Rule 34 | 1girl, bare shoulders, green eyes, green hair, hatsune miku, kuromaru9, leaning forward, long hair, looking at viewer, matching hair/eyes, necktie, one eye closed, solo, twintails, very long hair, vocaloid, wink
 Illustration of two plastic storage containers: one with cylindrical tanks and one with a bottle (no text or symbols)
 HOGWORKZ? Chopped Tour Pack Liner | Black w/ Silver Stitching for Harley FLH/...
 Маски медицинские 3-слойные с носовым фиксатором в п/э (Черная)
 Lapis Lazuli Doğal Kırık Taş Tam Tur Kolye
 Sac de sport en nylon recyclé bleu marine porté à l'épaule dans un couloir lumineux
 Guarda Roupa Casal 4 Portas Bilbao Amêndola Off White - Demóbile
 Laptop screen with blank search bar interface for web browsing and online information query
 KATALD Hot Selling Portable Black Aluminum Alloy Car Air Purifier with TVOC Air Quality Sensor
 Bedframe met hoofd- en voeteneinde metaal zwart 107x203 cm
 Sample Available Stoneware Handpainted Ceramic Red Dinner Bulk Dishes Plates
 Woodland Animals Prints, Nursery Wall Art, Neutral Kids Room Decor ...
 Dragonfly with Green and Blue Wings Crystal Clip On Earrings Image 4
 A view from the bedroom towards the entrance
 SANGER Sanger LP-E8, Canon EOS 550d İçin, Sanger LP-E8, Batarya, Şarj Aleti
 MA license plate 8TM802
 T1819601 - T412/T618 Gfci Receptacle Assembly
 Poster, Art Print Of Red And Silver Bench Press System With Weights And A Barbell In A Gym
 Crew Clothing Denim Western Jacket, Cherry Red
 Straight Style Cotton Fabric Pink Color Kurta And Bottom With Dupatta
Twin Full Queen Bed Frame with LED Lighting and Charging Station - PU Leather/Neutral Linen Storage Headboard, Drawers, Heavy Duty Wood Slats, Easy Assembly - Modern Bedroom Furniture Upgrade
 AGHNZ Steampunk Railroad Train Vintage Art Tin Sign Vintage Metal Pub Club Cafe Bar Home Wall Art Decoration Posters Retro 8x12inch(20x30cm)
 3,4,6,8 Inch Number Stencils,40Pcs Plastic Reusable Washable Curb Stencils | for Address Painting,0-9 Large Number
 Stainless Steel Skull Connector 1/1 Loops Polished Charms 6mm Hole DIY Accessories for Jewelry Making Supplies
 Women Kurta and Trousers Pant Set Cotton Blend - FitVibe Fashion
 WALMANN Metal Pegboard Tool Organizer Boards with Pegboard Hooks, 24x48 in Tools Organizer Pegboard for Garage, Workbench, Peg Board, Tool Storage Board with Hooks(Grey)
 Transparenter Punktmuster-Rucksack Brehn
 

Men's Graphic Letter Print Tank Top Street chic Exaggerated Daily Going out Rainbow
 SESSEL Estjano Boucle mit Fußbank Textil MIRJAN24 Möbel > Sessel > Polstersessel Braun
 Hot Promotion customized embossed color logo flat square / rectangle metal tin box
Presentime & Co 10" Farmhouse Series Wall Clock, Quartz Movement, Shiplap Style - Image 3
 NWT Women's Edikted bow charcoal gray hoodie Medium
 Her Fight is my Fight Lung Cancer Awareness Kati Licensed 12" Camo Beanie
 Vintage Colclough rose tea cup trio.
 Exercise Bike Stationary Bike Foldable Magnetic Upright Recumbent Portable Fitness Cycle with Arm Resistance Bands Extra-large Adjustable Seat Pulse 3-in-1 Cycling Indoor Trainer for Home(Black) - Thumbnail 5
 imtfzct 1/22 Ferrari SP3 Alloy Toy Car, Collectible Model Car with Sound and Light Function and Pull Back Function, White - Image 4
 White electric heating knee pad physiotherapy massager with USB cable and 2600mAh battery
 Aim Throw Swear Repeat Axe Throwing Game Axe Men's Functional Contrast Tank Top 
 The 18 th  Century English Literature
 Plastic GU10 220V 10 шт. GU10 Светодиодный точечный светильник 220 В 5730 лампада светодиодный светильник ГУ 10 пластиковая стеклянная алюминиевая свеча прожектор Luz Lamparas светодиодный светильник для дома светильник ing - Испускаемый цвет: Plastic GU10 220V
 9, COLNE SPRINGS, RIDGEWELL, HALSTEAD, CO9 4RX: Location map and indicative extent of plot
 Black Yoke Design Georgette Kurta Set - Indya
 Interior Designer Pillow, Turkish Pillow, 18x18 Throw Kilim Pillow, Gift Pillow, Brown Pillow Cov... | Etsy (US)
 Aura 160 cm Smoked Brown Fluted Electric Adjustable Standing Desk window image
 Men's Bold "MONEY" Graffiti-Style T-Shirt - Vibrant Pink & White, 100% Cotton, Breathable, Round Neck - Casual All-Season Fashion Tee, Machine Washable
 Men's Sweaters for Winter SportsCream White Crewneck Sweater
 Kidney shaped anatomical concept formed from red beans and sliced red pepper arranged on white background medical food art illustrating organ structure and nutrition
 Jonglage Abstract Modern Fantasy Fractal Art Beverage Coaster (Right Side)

# Task item:
Prepare a faithful transcription of the material above, with nothing altered.

# Solution below:
Rule 34 | 1girl, bare shoulders, green eyes, green hair, hatsune miku, kuromaru9, leaning forward, long hair, looking at viewer, matching hair/eyes, necktie, one eye closed, solo, twintails, very long hair, vocaloid, wink
 Illustration of two plastic storage containers: one with cylindrical tanks and one with a bottle (no text or symbols)
 HOGWORKZ? Chopped Tour Pack Liner | Black w/ Silver Stitching for Harley FLH/...
 Маски медицинские 3-слойные с носовым фиксатором в п/э (Черная)
 Lapis Lazuli Doğal Kırık Taş Tam Tur Kolye
 Sac de sport en nylon recyclé bleu marine porté à l'épaule dans un couloir lumineux
 Guarda Roupa Casal 4 Portas Bilbao Amêndola Off White - Demóbile
 Laptop screen with blank search bar interface for web browsing and online information query
 KATALD Hot Selling Portable Black Aluminum Alloy Car Air Purifier with TVOC Air Quality Sensor
 Bedframe met hoofd- en voeteneinde metaal zwart 107x203 cm
 Sample Available Stoneware Handpainted Ceramic Red Dinner Bulk Dishes Plates
 Woodland Animals Prints, Nursery Wall Art, Neutral Kids Room Decor ...
 Dragonfly with Green and Blue Wings Crystal Clip On Earrings Image 4
 A view from the bedroom towards the entrance
 SANGER Sanger LP-E8, Canon EOS 550d İçin, Sanger LP-E8, Batarya, Şarj Aleti
 MA license plate 8TM802
 T1819601 - T412/T618 Gfci Receptacle Assembly
 Poster, Art Print Of Red And Silver Bench Press System With Weights And A Barbell In A Gym
 Crew Clothing Denim Western Jacket, Cherry Red
 Straight Style Cotton Fabric Pink Color Kurta And Bottom With Dupatta
Twin Full Queen Bed Frame with LED Lighting and Charging Station - PU Leather/Neutral Linen Storage Headboard, Drawers, Heavy Duty Wood Slats, Easy Assembly - Modern Bedroom Furniture Upgrade
 AGHNZ Steampunk Railroad Train Vintage Art Tin Sign Vintage Metal Pub Club Cafe Bar Home Wall Art Decoration Posters Retro 8x12inch(20x30cm)
 3,4,6,8 Inch Number Stencils,40Pcs Plastic Reusable Washable Curb Stencils | for Address Painting,0-9 Large Number
 Stainless Steel Skull Connector 1/1 Loops Polished Charms 6mm Hole DIY Accessories for Jewelry Making Supplies
 Women Kurta and Trousers Pant Set Cotton Blend - FitVibe Fashion
 WALMANN Metal Pegboard Tool Organizer Boards with Pegboard Hooks, 24x48 in Tools Organizer Pegboard for Garage, Workbench, Peg Board, Tool Storage Board with Hooks(Grey)
 Transparenter Punktmuster-Rucksack Brehn
 

Men's Graphic Letter Print Tank Top Street chic Exaggerated Daily Going out Rainbow
 SESSEL Estjano Boucle mit Fußbank Textil MIRJAN24 Möbel > Sessel > Polstersessel Braun
 Hot Promotion customized embossed color logo flat square / rectangle metal tin box
Presentime & Co 10" Farmhouse Series Wall Clock, Quartz Movement, Shiplap Style - Image 3
 NWT Women's Edikted bow charcoal gray hoodie Medium
 Her Fight is my Fight Lung Cancer Awareness Kati Licensed 12" Camo Beanie
 Vintage Colclough rose tea cup trio.
 Exercise Bike Stationary Bike Foldable Magnetic Upright Recumbent Portable Fitness Cycle with Arm Resistance Bands Extra-large Adjustable Seat Pulse 3-in-1 Cycling Indoor Trainer for Home(Black) - Thumbnail 5
 imtfzct 1/22 Ferrari SP3 Alloy Toy Car, Collectible Model Car with Sound and Light Function and Pull Back Function, White - Image 4
 White electric heating knee pad physiotherapy massager with USB cable and 2600mAh battery
 Aim Throw Swear Repeat Axe Throwing Game Axe Men's Functional Contrast Tank Top 
 The 18 th  Century English Literature
 Plastic GU10 220V 10 шт. GU10 Светодиодный точечный светильник 220 В 5730 лампада светодиодный светильник ГУ 10 пластиковая стеклянная алюминиевая свеча прожектор Luz Lamparas светодиодный светильник для дома светильник ing - Испускаемый цвет: Plastic GU10 220V
 9, COLNE SPRINGS, RIDGEWELL, HALSTEAD, CO9 4RX: Location map and indicative extent of plot
 Black Yoke Design Georgette Kurta Set - Indya
 Interior Designer Pillow, Turkish Pillow, 18x18 Throw Kilim Pillow, Gift Pillow, Brown Pillow Cov... | Etsy (US)
 Aura 160 cm Smoked Brown Fluted Electric Adjustable Standing Desk window image
 Men's Bold "MONEY" Graffiti-Style T-Shirt - Vibrant Pink & White, 100% Cotton, Breathable, Round Neck - Casual All-Season Fashion Tee, Machine Washable
 Men's Sweaters for Winter SportsCream White Crewneck Sweater
 Kidney shaped anatomical concept formed from red beans and sliced red pepper arranged on white background medical food art illustrating organ structure and nutrition
 Jonglage Abstract Modern Fantasy Fractal Art Beverage Coaster (Right Side)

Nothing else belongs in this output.